What was it Like when you first met Jesus?

Do you remember when you became a Christian? Can you tell in a single sentence what it was like? It seemed a simple enough question to pose to a congregation of believers. But when individuals were pointed out to give an answer, my mind went scrambling for words. What was it like?

I’ve always considered my ‘testimony’ to be a rather boring thing, lacking the before’s and after’s of more dramatic accounts of meeting Jesus. In fact, my memory serves me so sketchily that I have few particulars of the occasion. Perhaps that’s why I am an inveterate journal keeper. I have boxes of assorted journals, mostly informal spiral bound versions, but way back in the beginning, there was a little black “One-Year Diary” with a little latch and a key. That was the first one. I guess I was about 10 then. And that’s the one I cannot find today. It’s the one I hoped would say what it was like when I prayed to ask Jesus into my heart. I know where it’s supposed to be. Its green twin from 1974 used to lie with it. But now just the green one is at hand. It talks of puppies and riding bikes, of picking strawberries and going to Girl Scouts…And laced throughout are mentions of reading my Bible…when I got up, when I was afraid after watching a movie, and when I was trying to ‘catch up’ with my OneYearReadThru plan… I was twelve then, growing up in a sheltered Christian community, Christian school, close-knit church, Christian parents and grandparents and cousins, aunts and uncles…What was it like in this context to ‘become a Christian’? I feel as though I’ve been one all my life.

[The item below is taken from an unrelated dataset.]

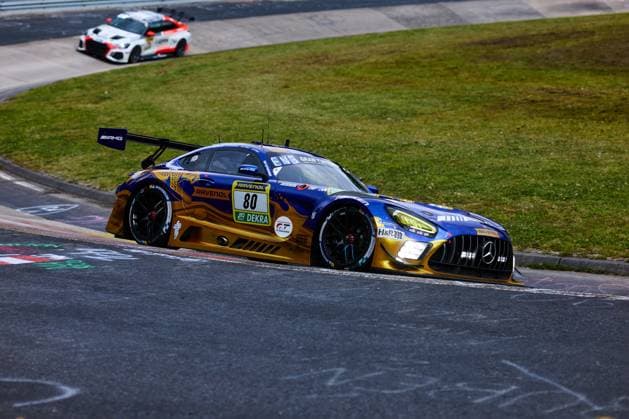 The Mercedes AMG GT3 with starting number 80 of the Mercedes AMG Team RAVENOL team drives through a tight bend at the Nürburgring The car Fabian Schiller Luca Stolz Maro Engel Maxime Martin Mercedes AMG Team RAVENOL wears the characteristic blue and gold color scheme with the sponsors RAVENOL, H R and DEKRA In the background, another car can be seen on the track Mercedes AMG GT3 80 by RAVENOL in the bend at the Nürburgring Copyright: xspeedshotx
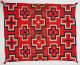 Red woven cloth with red-centered, geometric cross-shaped patterns throughout and red tassels in the corners. The navy blue and cream bordered crosses alternate between cream and navy blue.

But there was an evening at the altar one balmy summer’s night… It was ‘Campmeeting’ week. Nightly services for the faithful. Lots of hymn singing. Exuberant marching around the pews sometimes– exulting in prospects like ‘Beulah Land’ and ‘marching on to glory with the faithful few’. Energetic preaching and always an altar call. Those were the days of real ‘altars’, well, long wooden backless benches up front where people knelt in rows to pray aloud after the service. And that’s where I ended up one such night with my two childhood friends, twins I’d known since Kindergarten. An old saint of a lady named Mrs. Wolfram knelt beside me and asked me if I’d ever asked Jesus to be my Saviour? I don’t remember just what she said, only the sense that Jesus had died for me personally and I could personally acknowledge this and he would be my Saviour.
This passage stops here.